Items from a data source
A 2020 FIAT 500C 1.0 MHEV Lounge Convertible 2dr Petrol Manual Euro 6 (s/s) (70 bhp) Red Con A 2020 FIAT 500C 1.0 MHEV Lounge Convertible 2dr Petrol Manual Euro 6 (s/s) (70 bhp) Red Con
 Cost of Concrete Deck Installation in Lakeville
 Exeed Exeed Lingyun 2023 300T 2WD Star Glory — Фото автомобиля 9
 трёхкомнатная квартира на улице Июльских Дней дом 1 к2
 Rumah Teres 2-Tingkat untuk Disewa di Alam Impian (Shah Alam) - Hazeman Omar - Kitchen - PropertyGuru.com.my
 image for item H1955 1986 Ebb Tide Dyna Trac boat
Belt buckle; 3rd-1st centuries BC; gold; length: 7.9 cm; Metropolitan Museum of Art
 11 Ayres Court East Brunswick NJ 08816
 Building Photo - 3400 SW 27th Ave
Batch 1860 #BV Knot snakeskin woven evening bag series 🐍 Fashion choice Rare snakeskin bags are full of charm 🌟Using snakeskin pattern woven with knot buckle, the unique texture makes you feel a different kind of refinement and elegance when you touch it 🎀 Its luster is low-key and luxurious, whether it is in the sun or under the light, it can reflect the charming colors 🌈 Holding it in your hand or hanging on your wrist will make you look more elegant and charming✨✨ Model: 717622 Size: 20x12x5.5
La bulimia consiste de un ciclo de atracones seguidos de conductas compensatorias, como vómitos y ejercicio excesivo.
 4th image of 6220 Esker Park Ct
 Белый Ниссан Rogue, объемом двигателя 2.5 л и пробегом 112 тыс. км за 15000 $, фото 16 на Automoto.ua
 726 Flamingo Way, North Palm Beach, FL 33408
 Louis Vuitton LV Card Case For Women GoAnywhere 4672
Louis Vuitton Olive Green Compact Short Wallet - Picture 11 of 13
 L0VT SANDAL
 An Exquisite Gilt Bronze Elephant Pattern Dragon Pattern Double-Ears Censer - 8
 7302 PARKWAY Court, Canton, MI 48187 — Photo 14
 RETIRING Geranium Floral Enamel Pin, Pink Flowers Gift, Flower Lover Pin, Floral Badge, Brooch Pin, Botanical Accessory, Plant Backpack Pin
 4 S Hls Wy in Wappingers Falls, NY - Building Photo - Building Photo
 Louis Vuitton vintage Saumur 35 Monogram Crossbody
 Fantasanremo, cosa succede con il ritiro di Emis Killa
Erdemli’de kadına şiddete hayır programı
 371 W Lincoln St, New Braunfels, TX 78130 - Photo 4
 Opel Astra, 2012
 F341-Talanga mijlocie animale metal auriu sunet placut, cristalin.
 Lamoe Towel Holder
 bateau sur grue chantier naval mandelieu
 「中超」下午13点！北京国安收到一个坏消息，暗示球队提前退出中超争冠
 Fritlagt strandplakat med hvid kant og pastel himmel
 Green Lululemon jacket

▶ [TASK DIRECTIONS] An exact repeat of the lines from the one containing "7302 PARKWAY Court, Canton, MI" through the final line of the entries is the whole answer.

▶ [OUTPUT]
 7302 PARKWAY Court, Canton, MI 48187 — Photo 14
 RETIRING Geranium Floral Enamel Pin, Pink Flowers Gift, Flower Lover Pin, Floral Badge, Brooch Pin, Botanical Accessory, Plant Backpack Pin
 4 S Hls Wy in Wappingers Falls, NY - Building Photo - Building Photo
 Louis Vuitton vintage Saumur 35 Monogram Crossbody
 Fantasanremo, cosa succede con il ritiro di Emis Killa
Erdemli’de kadına şiddete hayır programı
 371 W Lincoln St, New Braunfels, TX 78130 - Photo 4
 Opel Astra, 2012
 F341-Talanga mijlocie animale metal auriu sunet placut, cristalin.
 Lamoe Towel Holder
 bateau sur grue chantier naval mandelieu
 「中超」下午13点！北京国安收到一个坏消息，暗示球队提前退出中超争冠
 Fritlagt strandplakat med hvid kant og pastel himmel
 Green Lululemon jacket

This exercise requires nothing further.